Writing a blog about how to set a plane up would take a series, because it really depends on what you are trying to do. In other words, a smoother will be different than a jack and so forth, but it even goes further than that. At what stage your planing with your smoother will make a difference also.

Here is a few tips to get you started, and I'm assuming this is for a smoother, so adjust as needed.
- Set the frog far enough ahead so when the blade just starts to cut, it would be difficult to slide a business card through the mouth, but you could probably force it if you had to. 
- Set the chip breaker as close to the edge of the iron as your eyes allow, maybe a 1/16" or a smidgen tighter. Make sure it never goes beyond the blade if the blade is a little uneven or cambered. Here is a blog on setting the chip breaker.
- The cap should be as tight as you can make it and still easily move the iron up and down. Start loose and tighten it down until you feel the adjustment start to become harder. 
- You always want to start planing with the blade retracted just above the mouth.
- Slowly lower it until its through. Use the lateral adjuster to make it even across the mouth.
-You can slide a thin piece of wood across one side of the iron then the other to make sure its even, or use your eye. As you practice, you will use your eyes more and more. Using your finger tends to cause bloodshed so its not recommended 
- As you're planing, if you see the iron is taking shavings on one side and the other, move the lateral adjuster toward the shavings, or the heavier side.
- Your first swipe should get nothing, but slowing lower the iron until it starts to take a shaving.
- Then just adjust accordingly.

A thin shaving should look like this









- But remember that different wood react differently and you can get thinner or thicker depending on have much smoothing needs to be done.

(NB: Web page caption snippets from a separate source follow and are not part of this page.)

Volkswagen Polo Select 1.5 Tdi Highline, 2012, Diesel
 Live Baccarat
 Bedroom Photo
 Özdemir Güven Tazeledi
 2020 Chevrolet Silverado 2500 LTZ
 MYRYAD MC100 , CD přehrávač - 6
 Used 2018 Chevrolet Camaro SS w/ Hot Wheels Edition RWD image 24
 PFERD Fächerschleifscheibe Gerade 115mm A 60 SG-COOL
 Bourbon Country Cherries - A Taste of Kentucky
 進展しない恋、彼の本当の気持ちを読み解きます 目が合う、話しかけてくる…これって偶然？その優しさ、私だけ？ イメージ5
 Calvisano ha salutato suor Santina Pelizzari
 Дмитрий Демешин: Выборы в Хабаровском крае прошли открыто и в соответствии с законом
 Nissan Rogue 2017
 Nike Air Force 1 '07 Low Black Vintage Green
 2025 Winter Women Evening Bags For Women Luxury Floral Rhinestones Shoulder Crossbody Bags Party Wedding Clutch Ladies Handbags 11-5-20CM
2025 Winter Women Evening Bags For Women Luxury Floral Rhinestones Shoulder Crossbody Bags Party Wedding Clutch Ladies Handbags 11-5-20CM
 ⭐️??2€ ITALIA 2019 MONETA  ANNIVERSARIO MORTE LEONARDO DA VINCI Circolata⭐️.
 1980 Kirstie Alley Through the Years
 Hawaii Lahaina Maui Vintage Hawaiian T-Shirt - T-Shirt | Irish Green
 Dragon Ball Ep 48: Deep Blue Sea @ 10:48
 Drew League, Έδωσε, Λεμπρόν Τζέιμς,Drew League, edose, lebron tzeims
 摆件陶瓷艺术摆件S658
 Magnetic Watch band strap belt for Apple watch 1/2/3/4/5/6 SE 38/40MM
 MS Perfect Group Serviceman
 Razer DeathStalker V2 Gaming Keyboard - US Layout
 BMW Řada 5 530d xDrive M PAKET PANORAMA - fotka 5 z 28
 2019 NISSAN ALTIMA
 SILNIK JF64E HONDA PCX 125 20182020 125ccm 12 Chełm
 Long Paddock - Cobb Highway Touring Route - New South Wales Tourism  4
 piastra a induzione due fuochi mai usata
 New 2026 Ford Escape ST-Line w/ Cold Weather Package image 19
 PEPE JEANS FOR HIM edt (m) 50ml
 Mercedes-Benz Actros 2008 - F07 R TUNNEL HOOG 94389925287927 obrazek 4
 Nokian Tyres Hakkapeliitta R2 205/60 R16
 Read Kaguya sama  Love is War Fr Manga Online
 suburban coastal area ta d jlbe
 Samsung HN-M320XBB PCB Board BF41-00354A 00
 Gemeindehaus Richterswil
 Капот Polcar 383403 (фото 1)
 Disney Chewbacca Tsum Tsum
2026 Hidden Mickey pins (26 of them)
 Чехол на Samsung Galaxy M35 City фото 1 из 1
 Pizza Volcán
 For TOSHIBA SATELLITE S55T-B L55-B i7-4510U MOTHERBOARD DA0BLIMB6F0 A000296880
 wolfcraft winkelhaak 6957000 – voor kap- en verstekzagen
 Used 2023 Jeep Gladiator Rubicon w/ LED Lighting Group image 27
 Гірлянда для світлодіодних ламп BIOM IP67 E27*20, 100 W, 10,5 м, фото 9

- If they shaving comes out like sawdust, or you are pushing to hard to get shavings your iron is not sharp.
- If your iron is straight, even and the wood is straight grained, you get a even shavings across the cut, the full width, or almost the full width of the cut.
- The more your iron is sharpened with a camber, the less this will happen. That is often by design so not always a bad thing.
- Always start your stroke with the plane skewed to one side. It makes the cut more of a slicing action and allows a easier cut.

- Practice makes perfect.










Hope it helps


----------



## bandit571 (Jan 20, 2011)

Ok, "Handyman bashing" aside. That first plane shown is not a Handyman. The largest one they made was the 14" Jack plane , #1205. Yours looks like a 18-22" long Jointer, and the lateral looks like a Stanley type. The second one is a Millers Falls #14 Jack plane, made for Sears. Might be a Craftsman branded one? The little #110 is just a normal Stanley "Regular angle" ( as opposed to a low angle) Block plane. Blue paint, and the adjuster makes it look like a 60s era model. Sometimes there is no Stanley cast into the base, and a decal that says "Handyman" on the cap iron. Then the number on the iron would be a #1249 BL. Still a Stanley.

Just clearing a few things up…


----------



## Belg1960 (Jan 3, 2010)

Guys with your help I now have 3 planes which slice some really consistently thin shavings. Two small ones, the 110 I showed and a 220 which I did not and the Stanley handyman. I still need to work on the jointer which I think will be the best of all for cleaning the saw marks on the 3/4" side of the boards I want to edge glue. Your last pic has an aftermarket fence attached to help keep it square to the wood being worked, is it anything special or did you just drill and tap a couple holes for bolts?and add a board w/ a handle
These are the shavings from the handiman,








This is the bottom of the 220 with the shavings from this tool.


----------



## donwilwol (May 16, 2011)

Here is my fence. I wouldn't have drilled the holes, but they were already there, so I made good use of them. If you search LJ's there are examples of the same type of fence without drilling the holes.

Lee Valley and others also sell a factory made version.

Your shavings look pretty good. I'd say you made lots of progress.


----------